2022 CONIFA South America Football Cup

Tournament details
- Host country: Chile (location)
- Dates: 17–19 June 2022
- Teams: 4
- Venue(s): 1 (in 1 host city)

Final positions
- Champions: Maule Sur
- Runners-up: Mapuche
- Third place: Aymara

Tournament statistics
- Matches played: 3
- Goals scored: 6 (2 per match)
- Top scorer(s): Gabriel Loncomilla (2 goals)

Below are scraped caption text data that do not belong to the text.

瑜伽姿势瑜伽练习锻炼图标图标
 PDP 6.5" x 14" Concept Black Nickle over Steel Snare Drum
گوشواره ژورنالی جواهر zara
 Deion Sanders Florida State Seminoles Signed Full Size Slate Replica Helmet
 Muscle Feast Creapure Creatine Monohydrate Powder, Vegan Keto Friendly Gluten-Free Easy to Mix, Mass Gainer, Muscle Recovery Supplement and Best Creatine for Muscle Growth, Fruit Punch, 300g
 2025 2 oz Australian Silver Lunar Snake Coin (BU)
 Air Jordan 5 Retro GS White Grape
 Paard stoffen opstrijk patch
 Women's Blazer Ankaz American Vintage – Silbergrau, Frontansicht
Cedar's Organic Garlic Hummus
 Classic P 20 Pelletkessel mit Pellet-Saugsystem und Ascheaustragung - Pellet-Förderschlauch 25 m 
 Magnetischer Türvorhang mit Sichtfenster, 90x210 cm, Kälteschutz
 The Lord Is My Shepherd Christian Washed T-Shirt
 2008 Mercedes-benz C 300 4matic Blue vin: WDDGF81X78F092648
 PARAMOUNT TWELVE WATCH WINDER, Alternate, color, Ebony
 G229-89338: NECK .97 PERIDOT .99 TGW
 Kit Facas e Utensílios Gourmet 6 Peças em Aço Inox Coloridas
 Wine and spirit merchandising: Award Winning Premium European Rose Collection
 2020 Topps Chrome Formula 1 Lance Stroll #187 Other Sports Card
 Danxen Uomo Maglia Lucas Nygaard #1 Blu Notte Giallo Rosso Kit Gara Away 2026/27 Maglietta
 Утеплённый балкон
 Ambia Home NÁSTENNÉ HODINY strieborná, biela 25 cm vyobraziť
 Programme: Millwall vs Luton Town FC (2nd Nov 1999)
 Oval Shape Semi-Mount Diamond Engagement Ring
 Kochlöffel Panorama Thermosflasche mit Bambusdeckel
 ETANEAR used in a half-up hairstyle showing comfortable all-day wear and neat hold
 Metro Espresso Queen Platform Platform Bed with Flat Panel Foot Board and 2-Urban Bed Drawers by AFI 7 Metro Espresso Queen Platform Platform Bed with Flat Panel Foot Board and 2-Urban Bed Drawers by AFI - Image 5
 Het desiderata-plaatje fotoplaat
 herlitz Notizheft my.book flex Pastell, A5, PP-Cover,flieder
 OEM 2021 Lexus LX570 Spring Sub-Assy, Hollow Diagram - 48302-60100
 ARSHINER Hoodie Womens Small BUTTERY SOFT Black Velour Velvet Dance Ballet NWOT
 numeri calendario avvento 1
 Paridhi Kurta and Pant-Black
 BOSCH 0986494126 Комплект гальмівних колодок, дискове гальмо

= 2022 CONIFA South America Football Cup =

The 2022 CONIFA South America Football Cup, also referred to as 2022 CONIFA Copa America, was the first edition of the CONIFA South America Football Cup, an international football tournament for states, minorities, stateless peoples and regions unaffiliated with FIFA with an affiliation to South America, organised by CONIFA. It was hosted by Chile.

==Tournament==
On 24 January 2022, CONIFA announced that Chile would host the first edition of the CONIFA South America Football Cup.
===Venues===
The tournament was held in the city of Linares and all games were held in the Estadio Fiscal de Linares.

===Mascot===
The tournaments official mascot is Dromig, representing one of the 4 marsupials that live in Chile, its name derives from Dromiciops griloides.

==Participants==
A total of four teams were scheduled to participate:

| Team |
|---|
| Aymara |
| Mapuche |
| Maule Sur |
| São Paulo São Paulo FAD |

On 11 June, a draw was held to define the competition brackets.

==Matches==
===Bracket===
The tournament's original formula would be held with semi-finals and final

=== Semi-finals ===
17 June 2022
Mapuche 0-1 Maule Sur
  Maule Sur: Acuña 80'
----
18 June 2022
Aymara Cancelled São Paulo FAD

=== Third-Place play-off ===
19 June 2022

=== Final ===
19 June 2022

===Round-robin===
After the non-attendance of São Paulo FAD the tournament was decided in a single round-robin format. The match between Maule Sur and Mapuche, initially valid for one of the semi-finals, started to be considered as the first round of the dispute.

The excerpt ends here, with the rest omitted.